The Tacoma Link was Sound Transit’s first working light rail line when it opened in 2003.
Tacoma’s Link will connect to the larger system, featuring connections to Sea-Tac, downtown Seattle, the University of Washington and other points north eventually.
You can see details on that progress here: https://www.soundtransit.org/system-expansion/tacoma-dome-link-extension.
Tacoma will be the southernmost point of Sound Transit.
No longer free
A defining characteristic of Tacoma’s Link has been that is has always been free for riders.
That is about to change.
An ORCA card is a must-have for riding the new Tacoma Link line.
The ORCA card is your region-wide access and is all you need to pay your fare on Sound Transit, Community Transit, Everett Transit, King County Metro, Kitsap Transit, Pierce Transit, Seattle Street Car, Seattle Monorail, the King County Water Taxi, and Washington State Ferries.
If you don’t have an ORCA card already, you can order one online or buy one directly from any Sounder or Link station.
Each user must have their own card as the card itself shows the user’s status as the holder of a reduced fare or youth card.
You can see the details on fees here.
On a related topic, a new statewide program is in motion to make buses and trains free to all under 18.
It’s not in place yet, but you can see details so far here: https://crosscut.com/news/2022/04/transit-users-18-and-younger-ride-free-under-new-wa-program?
The literal streets of Tacoma are changing
Whether you ride the Tacoma Link or not, the streets of Tacoma are forever changed.
Parking at the Tacoma Dome Park & Ride and catching the Link will get you almost anywhere in the greater downtown Tacoma area.

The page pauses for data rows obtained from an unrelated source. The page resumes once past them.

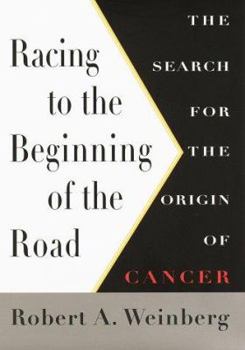 Hardcover Racing to the Beginning of the Road: The Search for the Origin of Cancer Book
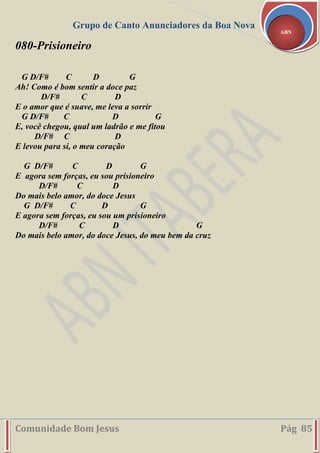 Grupo de Canto Anunciadores da Boa Nova
Comunidade Bom Jesus Pág 85
ABN
080-Prisioneiro
G D/F# C D G
Ah! Como é bom sentir a doce paz
D/F# C D
E o amor que é suave, me leva a sorrir
G D/F# C D G
E, você chegou, qual um ladrão e me fitou
D/F# C D
E levou para si, o meu coração
G D/F# C D G
E agora sem forças, eu sou prisioneiro
D/F# C D
Do mais belo amor, do doce Jesus
G D/F# C D G
E agora sem forças, eu sou um prisioneiro
D/F# C D G
Do mais belo amor, do doce Jesus, do meu bem da cruz
 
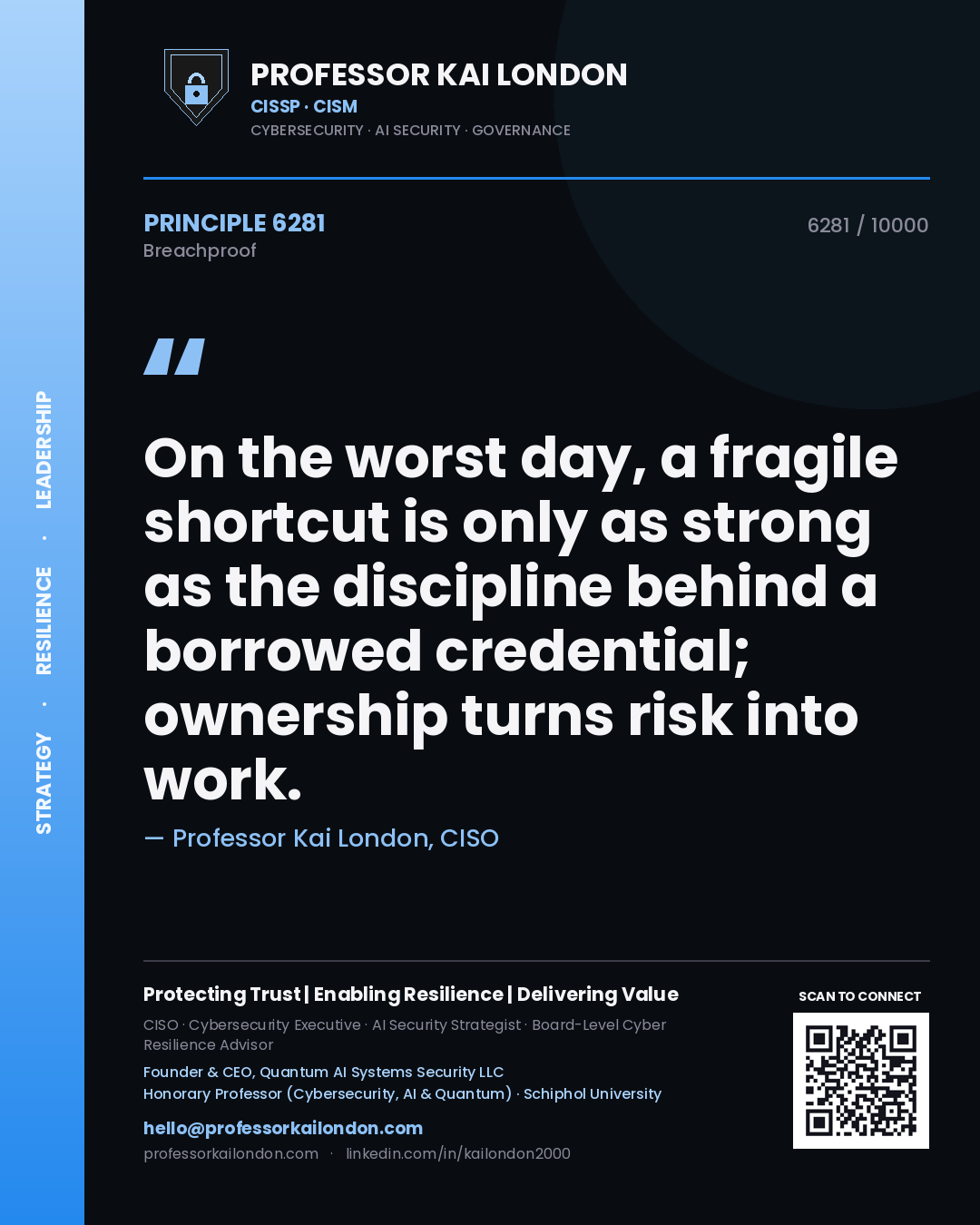 Professor Kai London principle 6281: On the worst day, a fragile shortcut is only as strong as the discipline behind a borrowed credential; ownership turns risk into work.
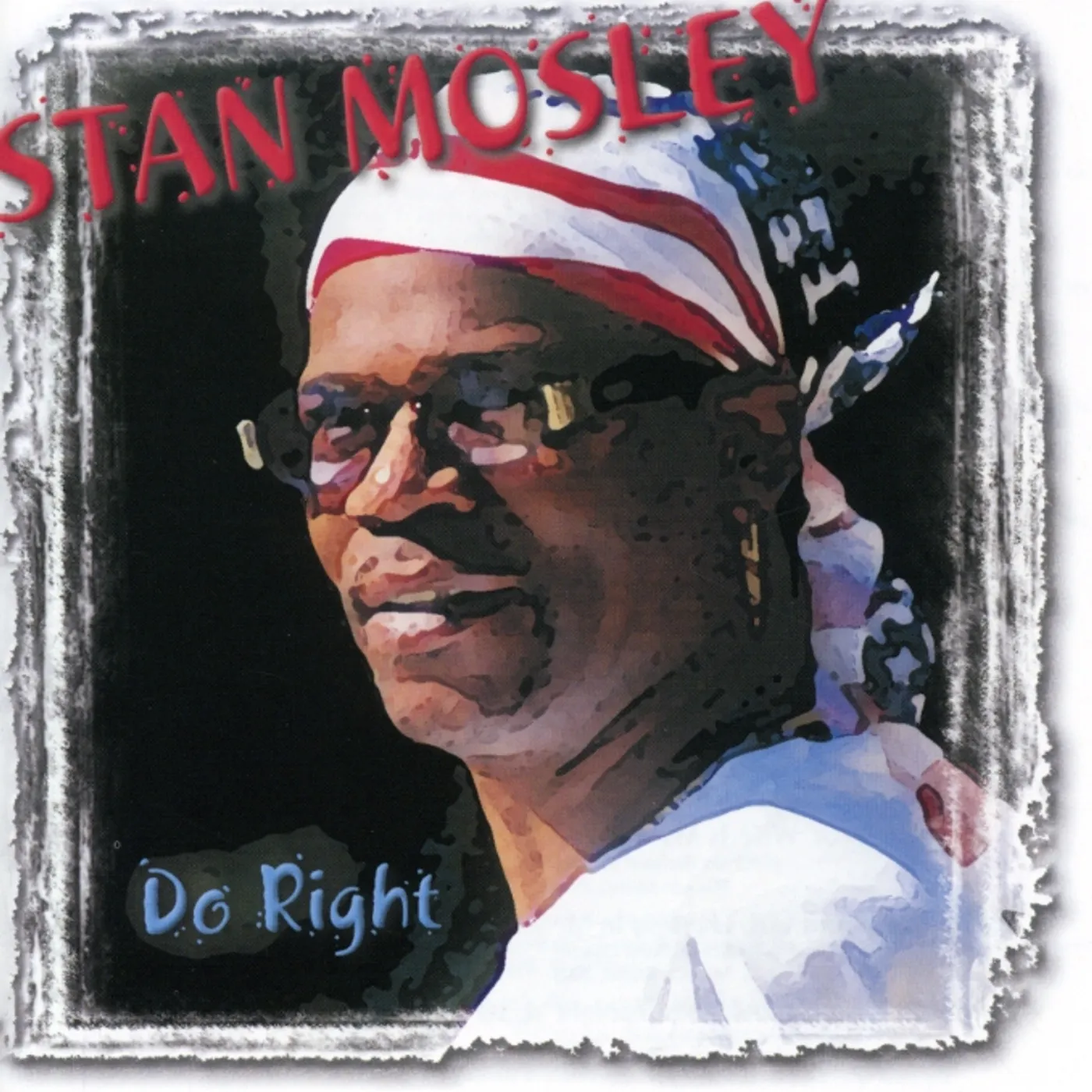 Stan Mosley DO RIGHT CD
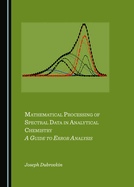 Mathematical Processing of Spectral Data in Analytical Chemistry: A Guide to Error Analysis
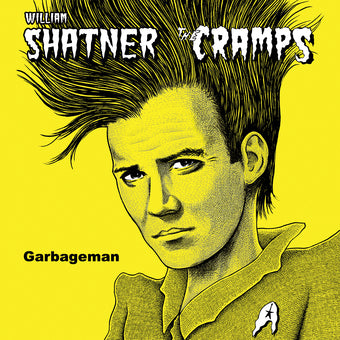 Shatner, William & The Cramps - Garbageman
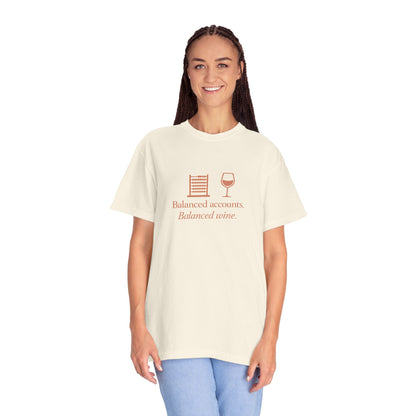 Accounting Shirt — "Balanced Accounts, Balanced Wine" Garment-Dyed T-Shirt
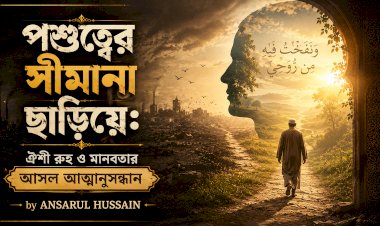 পশুত্বের সীমানা ছাড়িয়ে: ঐশী রুহ ও মানবতার আসল আত্মানুসন্ধান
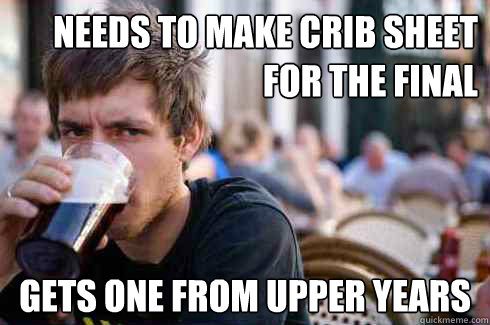 Needs to make crib sheet for the final Gets one from upper years  Lazy College Senior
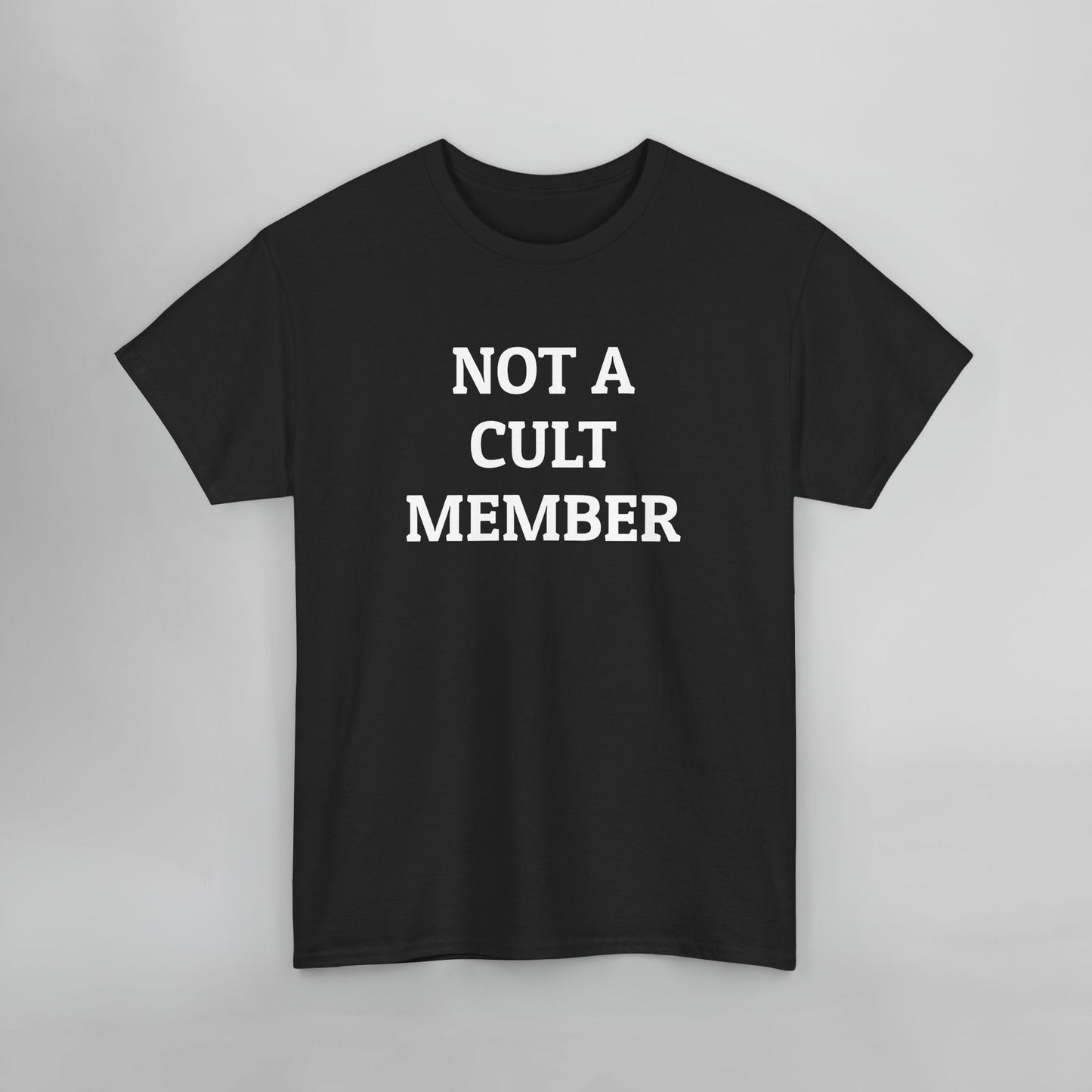 Not a Cult Member Tee
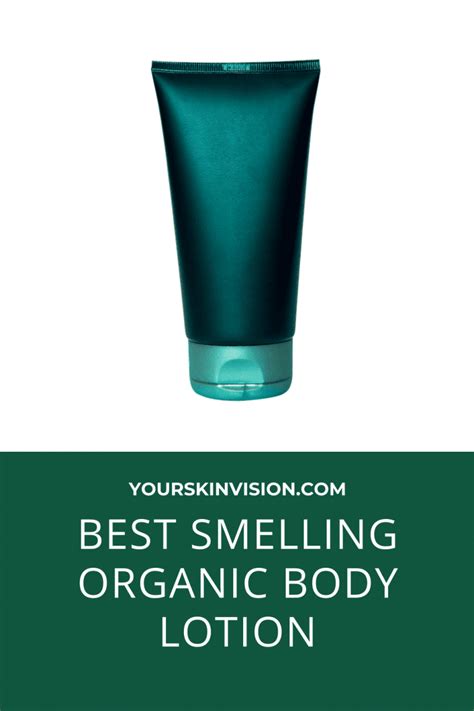 Best Smelling Organic Body Lotion In 2021 Yourskinvision
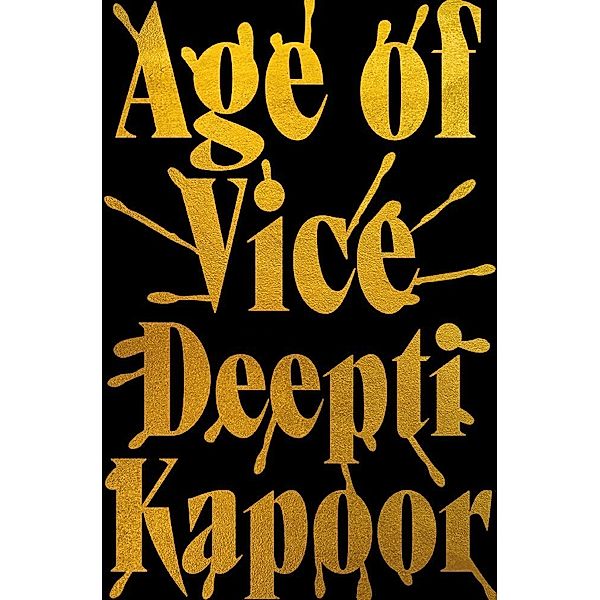 Age of Vice, Deepti Kapoor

Whether you work or are looking for entertainment downtown or are a patient, staff or visitor at one of Tacoma’s central medical facilities, the Link can save you all kinds of headaches of traffic and parking.
Personal flying saucer?
And if the Link doesn’t take you where you want to go, and you can afford it, your personal flying saucer could take you to Seattle (or beyond).